Oct 20, 2016|Source: Vancouver Sun

For about a quarter of B.C. residents, as much as two-thirds of their disposable income goes toward housing costs, according to new data. MARK VAN MANEN / PNG

Once British Columbians pay for essential costs such as food, taxes and child care, nearly half of their leftover income is consumed by housing, according to a new tool that measures home affordability.

And for a quarter of B.C.’s residents, mainly those in expensive cities, preliminary findings suggest more than two-thirds of disposable income goes to shelter costs.

“Now that’s extreme. Can you imagine, with the amount of money left after (necessities), you now have to spend 70 cents on the dollar just to put a roof over your head and make it functional?” said Paul Smetanin, president of the Canadian Centre for Economic Analysis, a Toronto-based research and data firm.

Smetanin is a guest speaker at next week’s housing summit, Re:Address, organized by the City of Vancouver to bring together 500 global experts to debate “ideas and solutions to accelerate housing affordability.”

Smetanin’s firm recently unveiled the Shelter Consumption Affordability Ratio (SCAR), which he says is the first index to measure affordability using more factors than just housing prices or mortgage rates.

SCAR also examines what people face every day to run their homes, including utility bills, maintenance costs, and the price of transportation to get to and from work.

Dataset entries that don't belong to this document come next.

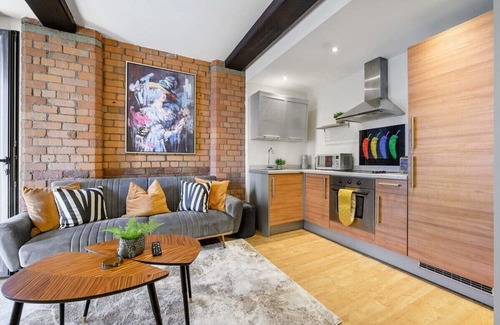 St George's Quarter Apartamento | Host & Stay | Queen Square Apartment
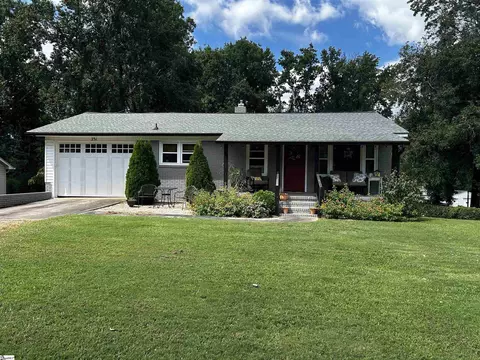 231 N Dill Ave, Greer, SC 29651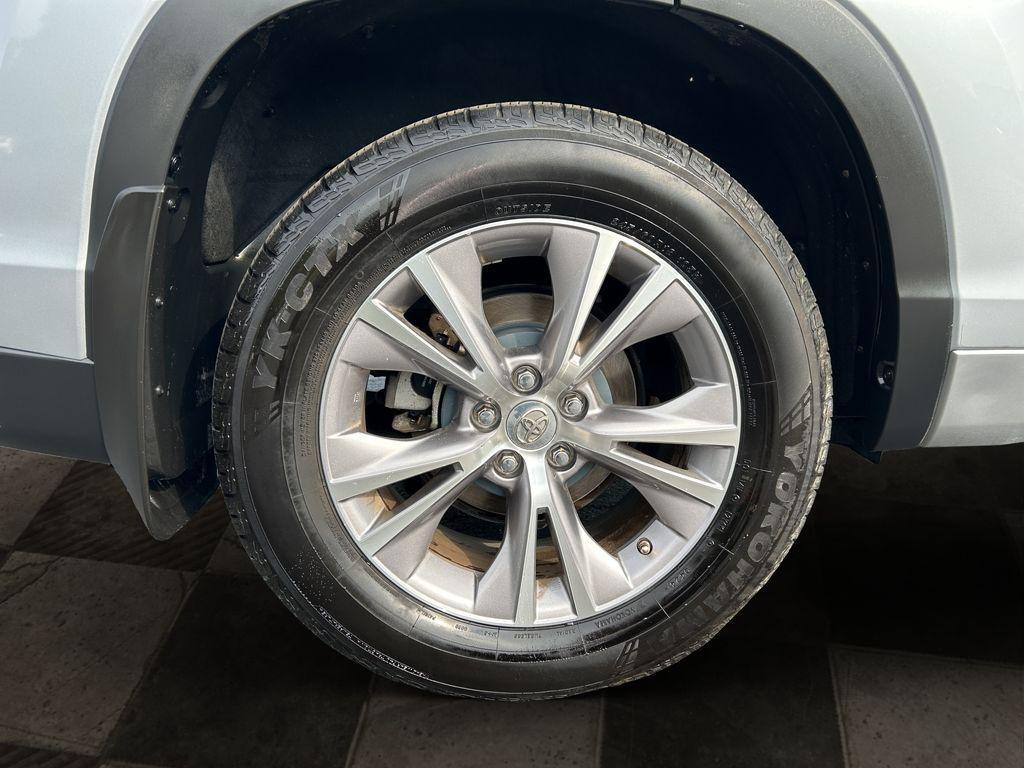 used 2014 Toyota Highlander car, priced at $18,786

“Housing costs are much more than a mortgage. They are the cost of making a home operational,” Smetanin said in a phone interview from Toronto.

The index subtracts essentials — such as health care, child care, taxes, food and clothing — from household income, and determines what portion of the leftover money is devoured by combined housing costs.

Residents of Nova Scotia and Prince Edward Island spend the most on housing (46 cents and 44 cents respectively) of every dollar of income left over after purchasing necessities. British Columbia was tied with New Brunswick in third, with 43 cents of every dollar eaten up by housing costs.

There are big, regional differences driving these conclusions. In the Maritimes, affordability is affected by many factors including utility rates, transportation costs and low incomes. In B.C., it is driven by one factor alone — the high cost of mortgages and rents.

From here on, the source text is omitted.